Like I said before with normal numbers, limits do not always exist. It is easy to construct sets \( X \) so that \( \lim_{n \to \infty}\frac{|X \cap S_n|}{|S_n|} \) does not exist. So we can't ask what the probability \( P(X) \) is. This doesn't fail because of the way I chose the \( S_n \)'s; it was bound to fail because sets of \( {\mathbb Z} \) can be arbirtrarily complicated but limits require a lot of order. To fix this we need to choose (nontrivial) ultrafilter and take the limit with respect to this ultrafilter. Ultrafilters are generalizations of regular limits that were created to solved problems just like this. In an ultrafilter, all bounded sequences have limits! Unfortunately, we need to invoke the axiom of choice to use them and are thus this definition of \( P \) is nonconstructive. It means that even though a probability on every subset of \( {\mathbb Z} \) now exists, some of them can't be computed. We have now defined a finitely additive probability `measure' on \( {\mathbb Z} \).

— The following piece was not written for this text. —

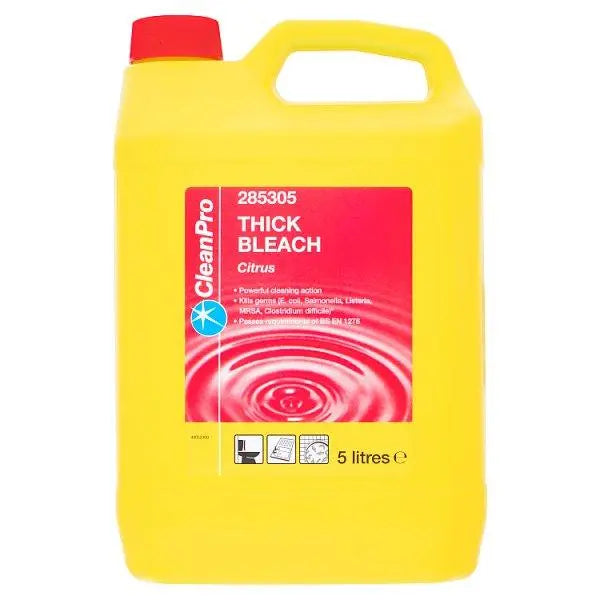 CleanPro Thick Bleach Citrus 5 Litres - Honesty Sales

Definition 2. A (finitely generated) group is amenable you can give it a finitely additive probability `measure.'

Remark 2. \( {\mathbb Z} \) is amenable.

It's really remarkable that when I wrote the post last month, I was talking about the amenability of \( {\mathbb Z} \) and I didn't know about it. Of course there was more to it because we needed an ultrafilter to fix the issue with limits not existing. Turns out that \( S_n \)'s I described are an example of a Følner sequence, which are generally not even required to be nested or neatly ordered. The sets in the sequences are characterized by having boundaries with vanishing relative sizes. So like my \( S_n \)'s boundaries always have two elements (maximum/minimum) but the \( S_n \) themselves are growing in size: \( 2n+1 \). Then the relative sizes of the boundaries \( \frac{2}{2n+1} \) tends to \( 0 \).

Even more remarkable is how I found out about amenability. My department hosted this year's spring redbud topology conference and one speaker briefly mentioned that counting lattice points (square grids) inside a circle,Gauss Circle Problem, is related to the amenability of the \( {\mathbb Z}^2 \). I then googled amenability and was really surprised to see it was the rigorous version of what I had written about. And how on earth are probability measures on to lattice points inside a circle? Roughly speaking, the lattice points in bigger and bigger circles for a Følner sequence since and the relative sizes of the boundaries is approximated by the ratio of circumference to area of a circle \( \approx \frac{2\pi r}{\pi r^2} \) and this tends to \( 0 \) as \( r \) grows. This gives a link between amenability and the isoperimetric inequality, which I briefly mention in my maths & crafts post.

Amenable groups were first studied by Lebesgue as he tried to understand the Banach-Tarski paradox. The paradox says that one can take a ball, “split” it up to finitely many pieces, and rearranged the pieces to form two identical copies of the original ball. Mathematically, this only leads to a contradiction if you attempted to assign size to every subset of three-space, \( {\mathbb R}^3 \). If you assume every subset has a volume, then it seems as if we can create volume out of nothing. So to resolve this paradox, one would need to prove that the notion of volume can not be extended to every set, which gives rise to amenability of group of isometries. Terrence Tao has a two posts on amenability and the Banach-Tarski paradox and they go into more details on this.

I love it when math takes me to such unexpected areas.